Неделя удалась на протокольно-статусные музыкальные мероприятия: в один вечер – закрытие Пасхального фестиваля с Гергиевым в Доме музыки и премьера прокофьевского «Огненного ангела» в Большом. Жаль, что узкие рамки не позволяют отдельно остановиться на еще одном событии, которое, не будучи статусным по форме, по сути более других приближалось к разгадке тайн музыки, – это вдохновенное исполнение на старинных инструментах и в аутентичном стиле «Страстей по Матфею», ставшее высшей точкой Пасхального фестиваля. Без какой бы то ни было показухи, ажитации и помпы Collegium Vocale Gent из Бельгии – оркестр и хор знаменитого Филиппа Херрвега – вознеслись к вершинам веры, духовности и красоты, напомнив о муках Христовых, принятых Спасителем во имя человечества.
В нынешнем сезоне Большой театр вольно или невольно обрек себя на соревнование с Мариинкой, выбрав в качестве премьер (не считая «Ангела», это уже свершившиеся «Макбет» Някрошюса и «Мазепа» Стуруа и ожидающийся в июне «Летучий голландец» Петера Конвичного) исключительно те названия, которые прочно ассоциируются у всех с театром Валерия Гергиева. Чего здесь больше – случайного совпадения или (под) сознательного реваншизма – вопрос к доктору Фрейду. Впрочем, после выпуска «Огненного ангела» вполне очевидно: счет опять не в пользу Первопрестольной. Какой бы перфекционистской и драматургически концентрированной ни была современная картинка (сценография Георгия Цыпина сама по себе лекарство от неуспеха и скуки), но переплюнуть энергетический напор изрядно уже постаревшего, но от этого не менее сакраментального мариинского спектакля, которым Гергиев «прорубил окно» в мир, невозможно. Там было таинство, страхи, натянутая истерическая струна пограничных психических состояний, по-брюсовски зловеще наивный мистицизм. Было магическое инобытие в виде обнаженных белых демонов. Были, наконец, личности Лейферкуса и Горчаковой, по наитию создавшей роль века, что особенно очевидно с дистанции времени. Что до московской Ренаты (совершенная для нас терра инкогнита, эмигрантка из США Оксана Кровицкая), то ее по большому счету нет – есть вяло угасающая а-ля мадам Грицацуева – нэпманша в красном и при шляпке, поющая голосом и с бескровными интонациями лирической пейзанки Микаэлы. Страстная одержимость, бесноватость и патология героини остались за скобками – впрочем, все это скорее вопросы к режиссеру.
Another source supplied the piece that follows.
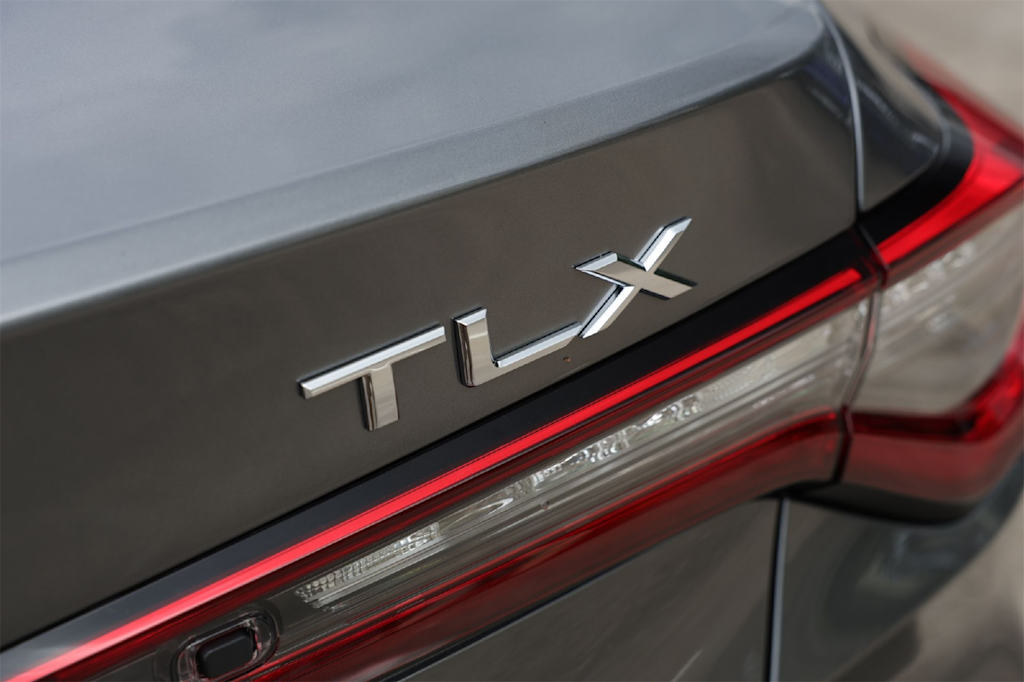 Thumbnail: 2025 Acura TLX - 20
Житейская узнаваемость пейзажа и ситуаций предельная (все эти кухонные детали и коридорные типы, железные койки, чекисты и прочее), но не утерян ли в этой правде жизни колорит символистского произведения, не заглушается ли бытом экспрессия прокофьевских интонаций? К тому же Замбелло, что естественно, смотрит на «Огненного ангела» глазами иностранки и как будто сквозь призму булгаковских «Мастера и Маргариты» и «Зойкиной квартиры», не поднимаясь однако до булгаковского же мистицизма и его философских обобщений.
Как и в «Мазепе», осталось отметить непререкаемую, но, может быть, несколько нарочитую значительность баритона-протагониста Валерия Алексеева в роли Рупрехта, с которой собственно и началась в 91-м его большая международная карьера. Не должна пройти не замеченной в музыкальной истории и дирижерская работа Александра Ведерникова. После вполне состоявшихся фиаско «Хованщины» и «Руслана» вдруг оказалось, что музыкальный руководитель Большого театра способен таки дирижировать и русской оперой.
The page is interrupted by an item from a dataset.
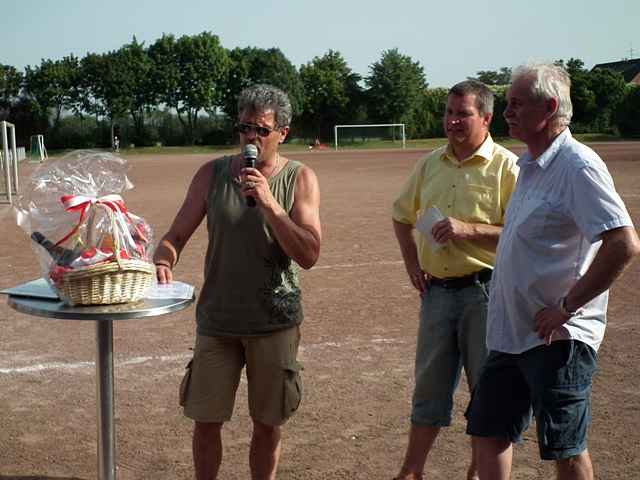 Unser Dorf spielt Fuball 201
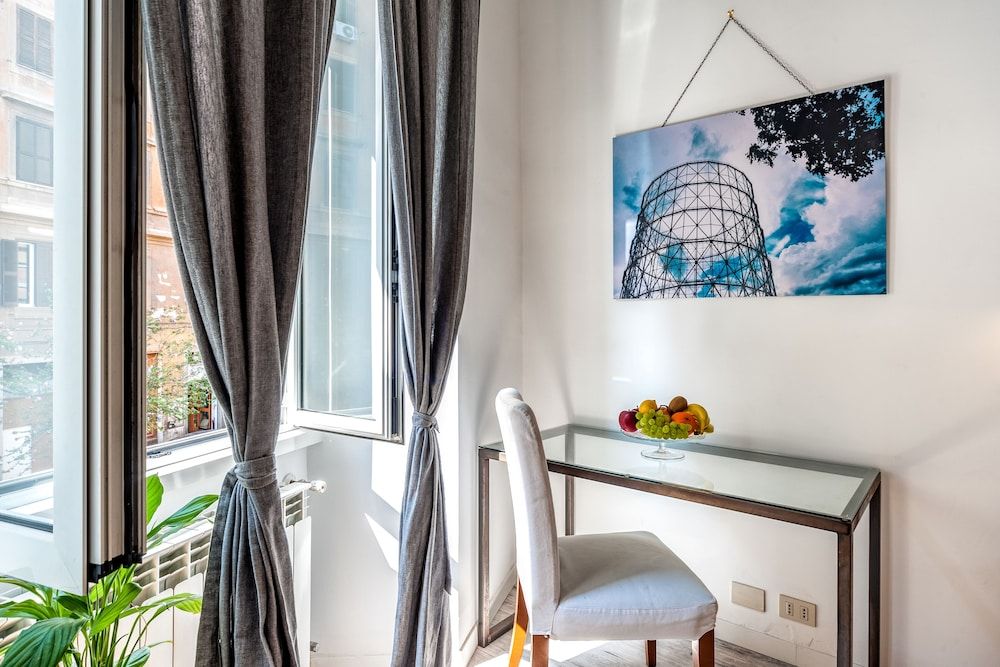 SmooRooms Deluxe Double Room 13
Самое же забавное, что наиболее бесправными перед силой искусства оказались многочисленные, как всегда, иностранные зрители – они были лишены бегущей строки, так как «перевод» на табло шел с русского на русский. Впрочем, и он пригодился владеющим – подглядывать «в шпаргалку» порой было жизненно необходимо. Народ в антракте сбегал дружными рядами – но кто и где сказал, что опера нового времени утвердится в сердцах людей просто так, без боя?